AIM OF THE EXERCISE -> Output every entry exactly as written.

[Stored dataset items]
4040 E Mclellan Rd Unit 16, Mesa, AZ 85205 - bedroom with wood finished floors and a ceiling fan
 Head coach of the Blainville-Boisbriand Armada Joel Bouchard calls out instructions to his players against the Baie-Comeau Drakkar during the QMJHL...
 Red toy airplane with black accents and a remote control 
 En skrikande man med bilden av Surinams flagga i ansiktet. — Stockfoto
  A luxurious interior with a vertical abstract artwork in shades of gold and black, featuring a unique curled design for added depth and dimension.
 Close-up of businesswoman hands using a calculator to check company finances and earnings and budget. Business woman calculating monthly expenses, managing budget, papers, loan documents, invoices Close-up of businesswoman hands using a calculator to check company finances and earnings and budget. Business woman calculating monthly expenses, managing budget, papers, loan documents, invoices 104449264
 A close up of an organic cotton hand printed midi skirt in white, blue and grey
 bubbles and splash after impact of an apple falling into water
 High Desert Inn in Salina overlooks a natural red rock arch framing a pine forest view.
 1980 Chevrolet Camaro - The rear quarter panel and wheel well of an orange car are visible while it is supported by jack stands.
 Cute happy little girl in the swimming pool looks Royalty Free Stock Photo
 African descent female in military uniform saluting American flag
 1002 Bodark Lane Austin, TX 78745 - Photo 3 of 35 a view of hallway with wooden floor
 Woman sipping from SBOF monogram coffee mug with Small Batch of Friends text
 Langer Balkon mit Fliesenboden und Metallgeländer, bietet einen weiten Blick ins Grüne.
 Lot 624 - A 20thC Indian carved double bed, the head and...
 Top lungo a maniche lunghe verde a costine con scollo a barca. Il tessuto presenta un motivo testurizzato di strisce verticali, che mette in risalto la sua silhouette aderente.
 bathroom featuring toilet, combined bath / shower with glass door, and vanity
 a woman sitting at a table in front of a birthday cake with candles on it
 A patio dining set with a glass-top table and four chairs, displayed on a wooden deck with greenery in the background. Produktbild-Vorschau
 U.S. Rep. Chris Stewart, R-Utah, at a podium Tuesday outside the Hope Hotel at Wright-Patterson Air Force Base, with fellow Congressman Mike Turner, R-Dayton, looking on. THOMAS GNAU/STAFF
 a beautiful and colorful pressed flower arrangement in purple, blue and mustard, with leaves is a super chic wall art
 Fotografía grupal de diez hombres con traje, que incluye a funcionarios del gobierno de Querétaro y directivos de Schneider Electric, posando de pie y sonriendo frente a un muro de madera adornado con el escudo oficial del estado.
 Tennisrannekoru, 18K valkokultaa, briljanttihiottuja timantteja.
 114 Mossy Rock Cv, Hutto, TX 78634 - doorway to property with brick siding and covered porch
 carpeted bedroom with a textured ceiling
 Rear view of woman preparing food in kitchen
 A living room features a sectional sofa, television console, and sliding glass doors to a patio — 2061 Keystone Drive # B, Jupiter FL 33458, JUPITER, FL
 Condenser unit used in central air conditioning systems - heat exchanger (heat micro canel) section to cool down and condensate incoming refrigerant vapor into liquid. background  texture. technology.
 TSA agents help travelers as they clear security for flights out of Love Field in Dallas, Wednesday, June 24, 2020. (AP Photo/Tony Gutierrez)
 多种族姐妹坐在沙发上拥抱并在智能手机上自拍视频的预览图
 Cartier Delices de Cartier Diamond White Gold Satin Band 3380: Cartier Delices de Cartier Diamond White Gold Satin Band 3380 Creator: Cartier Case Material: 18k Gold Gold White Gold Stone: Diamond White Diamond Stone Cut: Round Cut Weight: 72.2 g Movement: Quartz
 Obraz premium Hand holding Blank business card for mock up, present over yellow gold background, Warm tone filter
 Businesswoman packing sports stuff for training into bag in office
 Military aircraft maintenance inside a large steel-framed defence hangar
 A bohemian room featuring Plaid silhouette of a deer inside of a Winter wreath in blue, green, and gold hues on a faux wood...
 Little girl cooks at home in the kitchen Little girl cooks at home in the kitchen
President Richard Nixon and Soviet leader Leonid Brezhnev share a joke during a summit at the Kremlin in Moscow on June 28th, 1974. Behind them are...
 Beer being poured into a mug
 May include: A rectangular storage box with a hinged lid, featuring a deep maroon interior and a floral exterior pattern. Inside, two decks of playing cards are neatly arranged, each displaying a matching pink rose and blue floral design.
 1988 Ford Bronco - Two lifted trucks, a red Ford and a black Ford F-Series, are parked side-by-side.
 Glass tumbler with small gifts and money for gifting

ANSWER AREA ->
4040 E Mclellan Rd Unit 16, Mesa, AZ 85205 - bedroom with wood finished floors and a ceiling fan
 Head coach of the Blainville-Boisbriand Armada Joel Bouchard calls out instructions to his players against the Baie-Comeau Drakkar during the QMJHL...
 Red toy airplane with black accents and a remote control 
 En skrikande man med bilden av Surinams flagga i ansiktet. — Stockfoto
  A luxurious interior with a vertical abstract artwork in shades of gold and black, featuring a unique curled design for added depth and dimension.
 Close-up of businesswoman hands using a calculator to check company finances and earnings and budget. Business woman calculating monthly expenses, managing budget, papers, loan documents, invoices Close-up of businesswoman hands using a calculator to check company finances and earnings and budget. Business woman calculating monthly expenses, managing budget, papers, loan documents, invoices 104449264
 A close up of an organic cotton hand printed midi skirt in white, blue and grey
 bubbles and splash after impact of an apple falling into water
 High Desert Inn in Salina overlooks a natural red rock arch framing a pine forest view.
 1980 Chevrolet Camaro - The rear quarter panel and wheel well of an orange car are visible while it is supported by jack stands.
 Cute happy little girl in the swimming pool looks Royalty Free Stock Photo
 African descent female in military uniform saluting American flag
 1002 Bodark Lane Austin, TX 78745 - Photo 3 of 35 a view of hallway with wooden floor
 Woman sipping from SBOF monogram coffee mug with Small Batch of Friends text
 Langer Balkon mit Fliesenboden und Metallgeländer, bietet einen weiten Blick ins Grüne.
 Lot 624 - A 20thC Indian carved double bed, the head and...
 Top lungo a maniche lunghe verde a costine con scollo a barca. Il tessuto presenta un motivo testurizzato di strisce verticali, che mette in risalto la sua silhouette aderente.
 bathroom featuring toilet, combined bath / shower with glass door, and vanity
 a woman sitting at a table in front of a birthday cake with candles on it
 A patio dining set with a glass-top table and four chairs, displayed on a wooden deck with greenery in the background. Produktbild-Vorschau
 U.S. Rep. Chris Stewart, R-Utah, at a podium Tuesday outside the Hope Hotel at Wright-Patterson Air Force Base, with fellow Congressman Mike Turner, R-Dayton, looking on. THOMAS GNAU/STAFF
 a beautiful and colorful pressed flower arrangement in purple, blue and mustard, with leaves is a super chic wall art
 Fotografía grupal de diez hombres con traje, que incluye a funcionarios del gobierno de Querétaro y directivos de Schneider Electric, posando de pie y sonriendo frente a un muro de madera adornado con el escudo oficial del estado.
 Tennisrannekoru, 18K valkokultaa, briljanttihiottuja timantteja.
 114 Mossy Rock Cv, Hutto, TX 78634 - doorway to property with brick siding and covered porch
 carpeted bedroom with a textured ceiling
 Rear view of woman preparing food in kitchen
 A living room features a sectional sofa, television console, and sliding glass doors to a patio — 2061 Keystone Drive # B, Jupiter FL 33458, JUPITER, FL
 Condenser unit used in central air conditioning systems - heat exchanger (heat micro canel) section to cool down and condensate incoming refrigerant vapor into liquid. background  texture. technology.
 TSA agents help travelers as they clear security for flights out of Love Field in Dallas, Wednesday, June 24, 2020. (AP Photo/Tony Gutierrez)
 多种族姐妹坐在沙发上拥抱并在智能手机上自拍视频的预览图
 Cartier Delices de Cartier Diamond White Gold Satin Band 3380: Cartier Delices de Cartier Diamond White Gold Satin Band 3380 Creator: Cartier Case Material: 18k Gold Gold White Gold Stone: Diamond White Diamond Stone Cut: Round Cut Weight: 72.2 g Movement: Quartz
 Obraz premium Hand holding Blank business card for mock up, present over yellow gold background, Warm tone filter
 Businesswoman packing sports stuff for training into bag in office
 Military aircraft maintenance inside a large steel-framed defence hangar
 A bohemian room featuring Plaid silhouette of a deer inside of a Winter wreath in blue, green, and gold hues on a faux wood...
 Little girl cooks at home in the kitchen Little girl cooks at home in the kitchen
President Richard Nixon and Soviet leader Leonid Brezhnev share a joke during a summit at the Kremlin in Moscow on June 28th, 1974. Behind them are...
 Beer being poured into a mug
 May include: A rectangular storage box with a hinged lid, featuring a deep maroon interior and a floral exterior pattern. Inside, two decks of playing cards are neatly arranged, each displaying a matching pink rose and blue floral design.
 1988 Ford Bronco - Two lifted trucks, a red Ford and a black Ford F-Series, are parked side-by-side.
 Glass tumbler with small gifts and money for gifting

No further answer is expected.